■ WORK ITEM ■
Look through the data below. Pick out the lines holding the string "Pure".
[[ GIVEN DATA open ]]
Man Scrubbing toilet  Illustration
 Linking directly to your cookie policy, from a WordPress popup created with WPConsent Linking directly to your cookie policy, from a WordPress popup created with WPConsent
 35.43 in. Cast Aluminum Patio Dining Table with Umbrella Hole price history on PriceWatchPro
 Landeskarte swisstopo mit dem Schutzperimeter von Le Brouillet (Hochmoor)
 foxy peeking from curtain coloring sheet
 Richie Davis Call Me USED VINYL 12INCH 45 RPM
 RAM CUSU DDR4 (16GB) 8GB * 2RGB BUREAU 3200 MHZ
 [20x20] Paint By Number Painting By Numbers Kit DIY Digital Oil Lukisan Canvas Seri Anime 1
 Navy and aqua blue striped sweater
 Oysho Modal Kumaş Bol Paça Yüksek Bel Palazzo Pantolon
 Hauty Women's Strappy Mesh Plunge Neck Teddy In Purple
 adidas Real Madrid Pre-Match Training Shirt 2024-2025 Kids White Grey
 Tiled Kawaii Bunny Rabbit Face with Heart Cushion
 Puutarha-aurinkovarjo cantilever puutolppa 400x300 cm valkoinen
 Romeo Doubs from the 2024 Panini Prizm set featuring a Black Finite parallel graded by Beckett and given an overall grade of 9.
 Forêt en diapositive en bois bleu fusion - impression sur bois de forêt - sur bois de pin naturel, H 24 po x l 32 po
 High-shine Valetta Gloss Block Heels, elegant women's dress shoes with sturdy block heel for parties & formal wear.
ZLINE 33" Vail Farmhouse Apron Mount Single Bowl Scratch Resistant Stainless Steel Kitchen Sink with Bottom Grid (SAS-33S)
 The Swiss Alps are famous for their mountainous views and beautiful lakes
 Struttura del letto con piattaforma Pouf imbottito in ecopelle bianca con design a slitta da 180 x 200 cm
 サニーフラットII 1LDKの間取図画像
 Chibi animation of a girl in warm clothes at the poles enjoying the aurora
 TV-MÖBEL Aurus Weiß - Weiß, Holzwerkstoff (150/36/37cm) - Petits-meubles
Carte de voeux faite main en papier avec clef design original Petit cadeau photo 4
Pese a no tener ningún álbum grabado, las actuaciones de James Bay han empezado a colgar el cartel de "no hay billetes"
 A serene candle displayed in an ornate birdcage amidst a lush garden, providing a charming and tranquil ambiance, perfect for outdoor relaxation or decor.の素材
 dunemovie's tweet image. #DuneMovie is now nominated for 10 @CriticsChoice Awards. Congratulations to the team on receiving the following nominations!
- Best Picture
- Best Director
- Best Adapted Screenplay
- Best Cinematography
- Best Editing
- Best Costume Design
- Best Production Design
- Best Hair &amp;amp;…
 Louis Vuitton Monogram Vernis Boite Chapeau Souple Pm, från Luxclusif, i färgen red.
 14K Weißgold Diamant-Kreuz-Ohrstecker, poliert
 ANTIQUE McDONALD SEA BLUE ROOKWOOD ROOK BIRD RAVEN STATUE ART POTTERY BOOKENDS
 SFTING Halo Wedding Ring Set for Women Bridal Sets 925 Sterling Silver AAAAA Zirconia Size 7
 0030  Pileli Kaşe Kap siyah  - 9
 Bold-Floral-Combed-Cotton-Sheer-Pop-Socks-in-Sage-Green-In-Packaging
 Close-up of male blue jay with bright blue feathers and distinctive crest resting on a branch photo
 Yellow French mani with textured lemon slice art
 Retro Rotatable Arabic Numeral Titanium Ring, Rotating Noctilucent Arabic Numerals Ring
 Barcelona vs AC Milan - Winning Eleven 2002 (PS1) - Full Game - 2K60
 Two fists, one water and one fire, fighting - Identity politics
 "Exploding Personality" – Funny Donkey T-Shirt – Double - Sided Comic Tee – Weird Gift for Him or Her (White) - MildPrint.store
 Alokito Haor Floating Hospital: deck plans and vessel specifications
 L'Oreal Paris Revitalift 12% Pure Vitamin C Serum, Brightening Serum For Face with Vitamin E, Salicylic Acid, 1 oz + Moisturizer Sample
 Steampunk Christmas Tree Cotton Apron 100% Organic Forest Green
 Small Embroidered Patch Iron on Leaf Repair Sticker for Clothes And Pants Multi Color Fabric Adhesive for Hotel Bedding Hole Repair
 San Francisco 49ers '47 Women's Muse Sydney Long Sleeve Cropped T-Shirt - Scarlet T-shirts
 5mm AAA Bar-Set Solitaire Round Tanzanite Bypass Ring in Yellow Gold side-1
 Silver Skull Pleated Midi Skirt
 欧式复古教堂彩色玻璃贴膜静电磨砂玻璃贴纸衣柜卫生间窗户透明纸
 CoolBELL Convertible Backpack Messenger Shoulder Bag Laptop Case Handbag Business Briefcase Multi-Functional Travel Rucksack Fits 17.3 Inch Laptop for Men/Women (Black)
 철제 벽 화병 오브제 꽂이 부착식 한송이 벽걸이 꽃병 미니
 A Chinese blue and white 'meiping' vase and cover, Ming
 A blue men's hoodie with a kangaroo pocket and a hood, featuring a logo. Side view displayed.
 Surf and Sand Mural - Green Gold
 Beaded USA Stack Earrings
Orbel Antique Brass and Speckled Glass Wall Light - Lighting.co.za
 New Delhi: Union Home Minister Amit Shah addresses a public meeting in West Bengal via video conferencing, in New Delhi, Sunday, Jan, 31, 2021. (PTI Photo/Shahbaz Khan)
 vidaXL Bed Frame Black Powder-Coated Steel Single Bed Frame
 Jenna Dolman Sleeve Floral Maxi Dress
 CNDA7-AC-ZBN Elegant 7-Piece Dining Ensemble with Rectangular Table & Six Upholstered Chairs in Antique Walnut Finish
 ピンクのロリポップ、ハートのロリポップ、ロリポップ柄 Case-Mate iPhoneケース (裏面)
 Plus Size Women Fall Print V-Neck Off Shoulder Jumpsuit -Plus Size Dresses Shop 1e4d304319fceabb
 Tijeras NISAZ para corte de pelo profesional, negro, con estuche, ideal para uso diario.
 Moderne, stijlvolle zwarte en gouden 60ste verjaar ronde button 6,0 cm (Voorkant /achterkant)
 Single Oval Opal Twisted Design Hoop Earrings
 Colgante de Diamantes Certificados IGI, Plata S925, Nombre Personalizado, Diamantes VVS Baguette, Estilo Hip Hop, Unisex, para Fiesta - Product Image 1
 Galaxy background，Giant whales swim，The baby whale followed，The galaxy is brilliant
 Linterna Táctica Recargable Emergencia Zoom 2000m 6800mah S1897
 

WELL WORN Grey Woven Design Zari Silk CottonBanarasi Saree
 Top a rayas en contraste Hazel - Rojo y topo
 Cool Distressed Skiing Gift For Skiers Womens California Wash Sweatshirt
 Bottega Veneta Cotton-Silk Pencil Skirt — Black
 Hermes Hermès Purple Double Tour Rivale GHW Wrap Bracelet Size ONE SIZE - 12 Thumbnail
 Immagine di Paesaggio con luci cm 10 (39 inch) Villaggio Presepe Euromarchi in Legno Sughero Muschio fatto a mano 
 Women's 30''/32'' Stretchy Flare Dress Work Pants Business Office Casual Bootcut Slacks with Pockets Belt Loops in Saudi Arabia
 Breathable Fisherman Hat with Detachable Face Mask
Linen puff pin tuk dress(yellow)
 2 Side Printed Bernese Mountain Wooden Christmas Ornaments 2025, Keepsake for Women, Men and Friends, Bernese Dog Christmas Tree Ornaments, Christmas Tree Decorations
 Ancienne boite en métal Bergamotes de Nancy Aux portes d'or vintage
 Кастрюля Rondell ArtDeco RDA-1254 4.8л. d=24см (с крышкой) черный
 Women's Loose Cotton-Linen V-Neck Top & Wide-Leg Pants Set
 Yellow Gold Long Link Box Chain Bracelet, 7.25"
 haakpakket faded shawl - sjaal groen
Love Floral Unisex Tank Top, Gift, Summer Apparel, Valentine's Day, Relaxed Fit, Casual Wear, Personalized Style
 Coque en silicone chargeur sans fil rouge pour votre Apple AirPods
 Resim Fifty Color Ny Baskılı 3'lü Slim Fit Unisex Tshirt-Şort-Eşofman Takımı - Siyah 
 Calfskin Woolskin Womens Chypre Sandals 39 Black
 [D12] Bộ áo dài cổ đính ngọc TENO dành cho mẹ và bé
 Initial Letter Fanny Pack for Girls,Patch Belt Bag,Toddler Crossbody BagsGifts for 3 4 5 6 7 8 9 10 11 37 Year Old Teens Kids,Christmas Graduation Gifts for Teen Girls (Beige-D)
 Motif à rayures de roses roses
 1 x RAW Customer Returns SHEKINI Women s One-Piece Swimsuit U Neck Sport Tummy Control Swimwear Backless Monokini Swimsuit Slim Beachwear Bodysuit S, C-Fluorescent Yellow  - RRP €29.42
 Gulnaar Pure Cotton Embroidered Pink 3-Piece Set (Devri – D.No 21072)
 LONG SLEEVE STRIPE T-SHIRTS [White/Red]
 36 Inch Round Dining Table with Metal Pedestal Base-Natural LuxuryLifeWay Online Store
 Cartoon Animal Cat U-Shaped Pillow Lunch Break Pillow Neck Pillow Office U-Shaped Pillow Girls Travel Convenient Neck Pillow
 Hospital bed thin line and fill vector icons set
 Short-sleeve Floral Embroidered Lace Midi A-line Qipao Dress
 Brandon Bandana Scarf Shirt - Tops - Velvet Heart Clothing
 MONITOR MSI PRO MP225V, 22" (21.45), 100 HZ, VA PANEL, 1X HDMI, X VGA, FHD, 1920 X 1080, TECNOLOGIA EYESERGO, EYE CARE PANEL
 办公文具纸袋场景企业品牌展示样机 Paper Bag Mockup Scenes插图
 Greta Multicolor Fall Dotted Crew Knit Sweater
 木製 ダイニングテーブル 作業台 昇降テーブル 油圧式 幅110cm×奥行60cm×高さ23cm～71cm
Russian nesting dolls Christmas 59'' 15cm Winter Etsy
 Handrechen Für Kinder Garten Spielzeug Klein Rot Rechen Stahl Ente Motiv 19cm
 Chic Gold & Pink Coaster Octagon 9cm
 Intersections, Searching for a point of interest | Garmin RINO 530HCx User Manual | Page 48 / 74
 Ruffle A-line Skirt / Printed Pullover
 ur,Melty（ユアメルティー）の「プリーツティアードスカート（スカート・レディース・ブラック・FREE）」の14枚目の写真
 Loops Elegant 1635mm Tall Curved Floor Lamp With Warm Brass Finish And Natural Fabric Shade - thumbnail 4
[[ GIVEN DATA closed ]]
■ TASK RESPONSE ■
 L'Oreal Paris Revitalift 12% Pure Vitamin C Serum, Brightening Serum For Face with Vitamin E, Salicylic Acid, 1 oz + Moisturizer Sample
 Gulnaar Pure Cotton Embroidered Pink 3-Piece Set (Devri – D.No 21072)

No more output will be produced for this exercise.